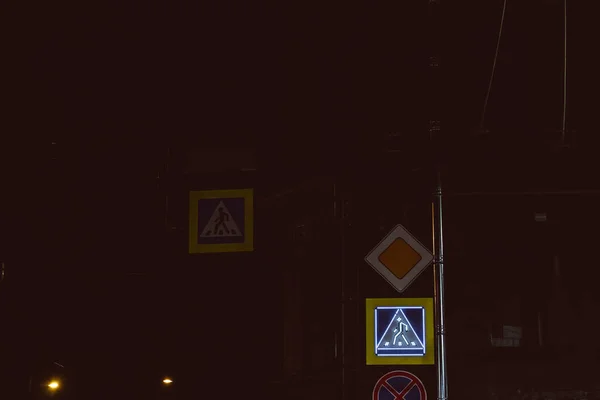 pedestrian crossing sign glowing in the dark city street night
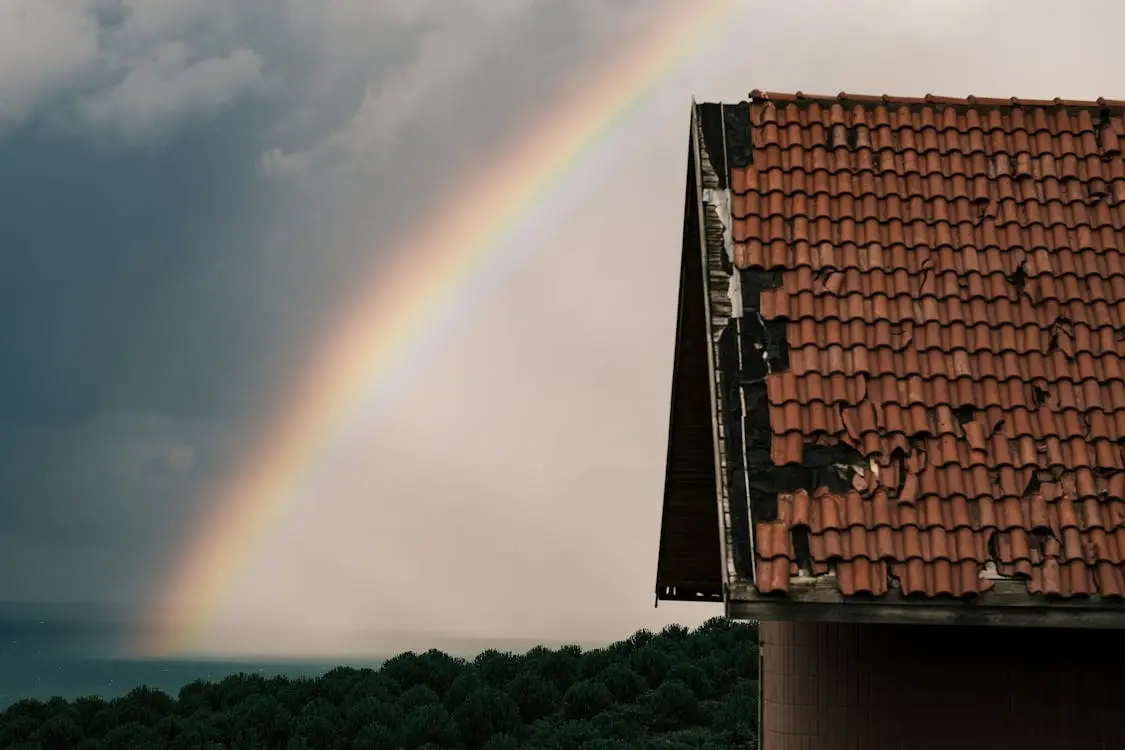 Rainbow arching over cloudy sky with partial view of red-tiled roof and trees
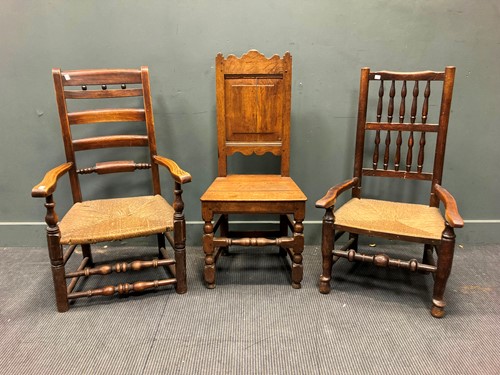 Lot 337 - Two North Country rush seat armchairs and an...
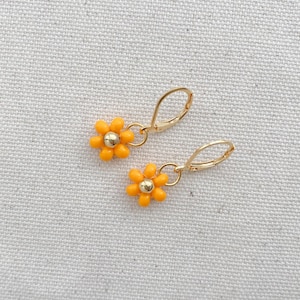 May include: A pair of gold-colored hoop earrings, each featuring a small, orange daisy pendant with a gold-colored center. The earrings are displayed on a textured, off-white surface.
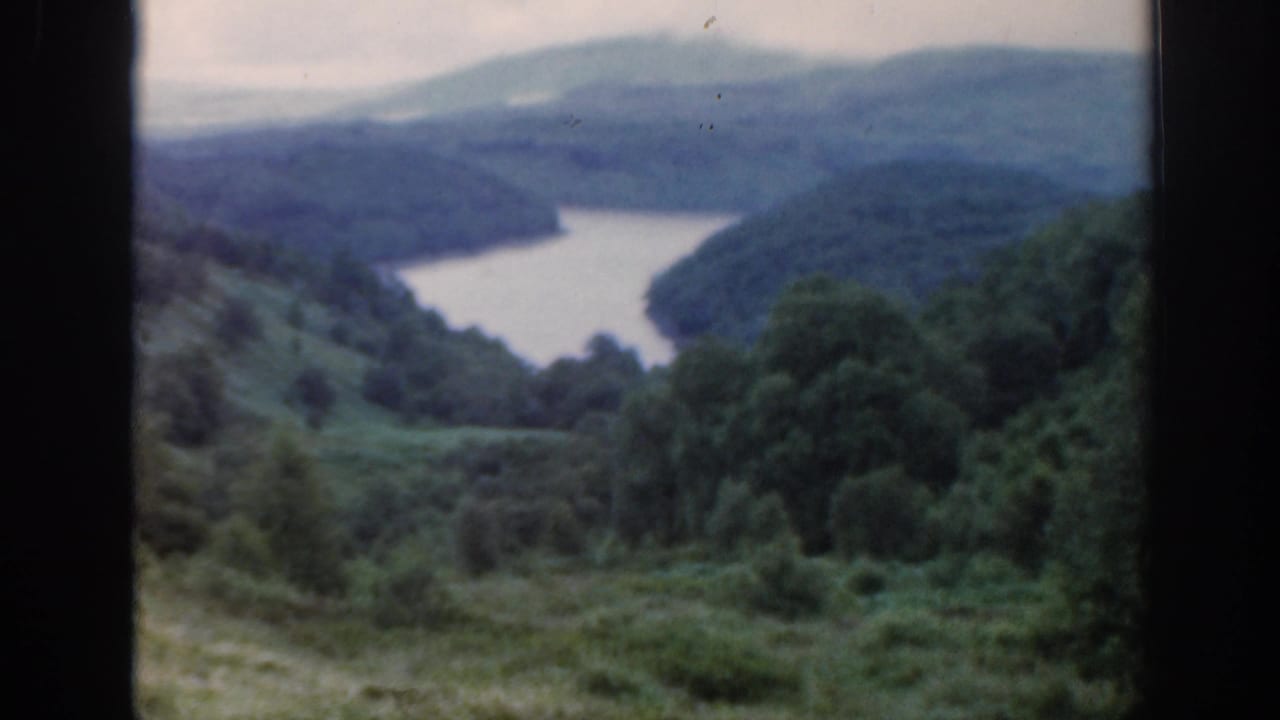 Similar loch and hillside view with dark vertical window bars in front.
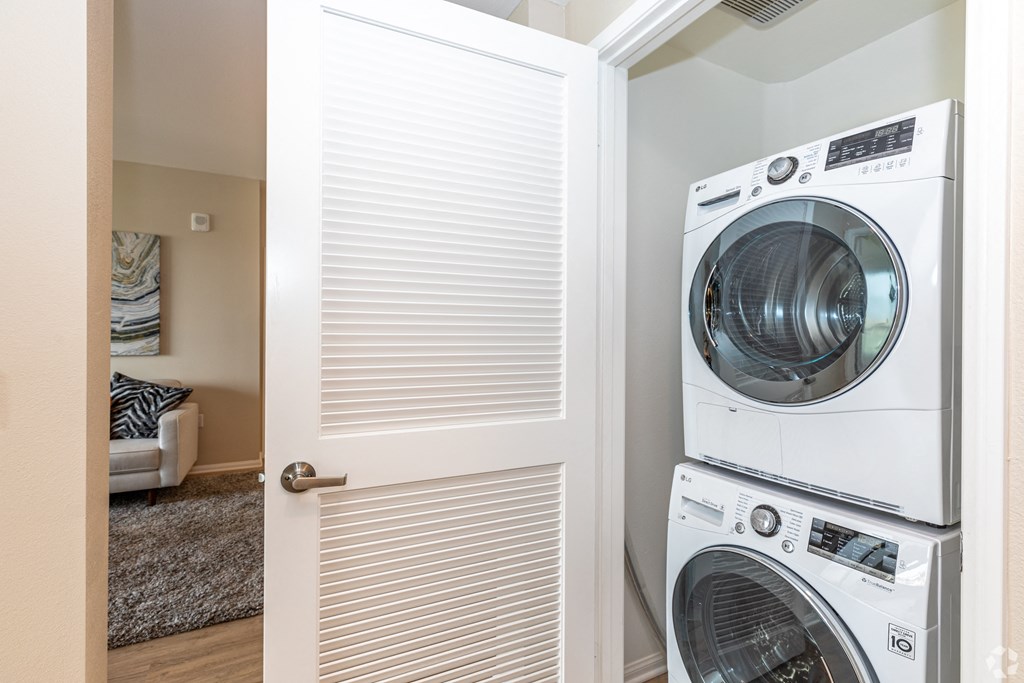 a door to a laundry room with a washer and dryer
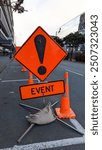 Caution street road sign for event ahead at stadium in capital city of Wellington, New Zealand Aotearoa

### Work instruction
Output the data above exactly, beginning at its first line and ending with the line that holds "a door to a". Leave out the pictures and add nothing.

### Solution to this exercise
 pedestrian crossing sign glowing in the dark city street night
 Rainbow arching over cloudy sky with partial view of red-tiled roof and trees
 Lot 337 - Two North Country rush seat armchairs and an...
 May include: A pair of gold-colored hoop earrings, each featuring a small, orange daisy pendant with a gold-colored center. The earrings are displayed on a textured, off-white surface.
 Similar loch and hillside view with dark vertical window bars in front.
 a door to a laundry room with a washer and dryer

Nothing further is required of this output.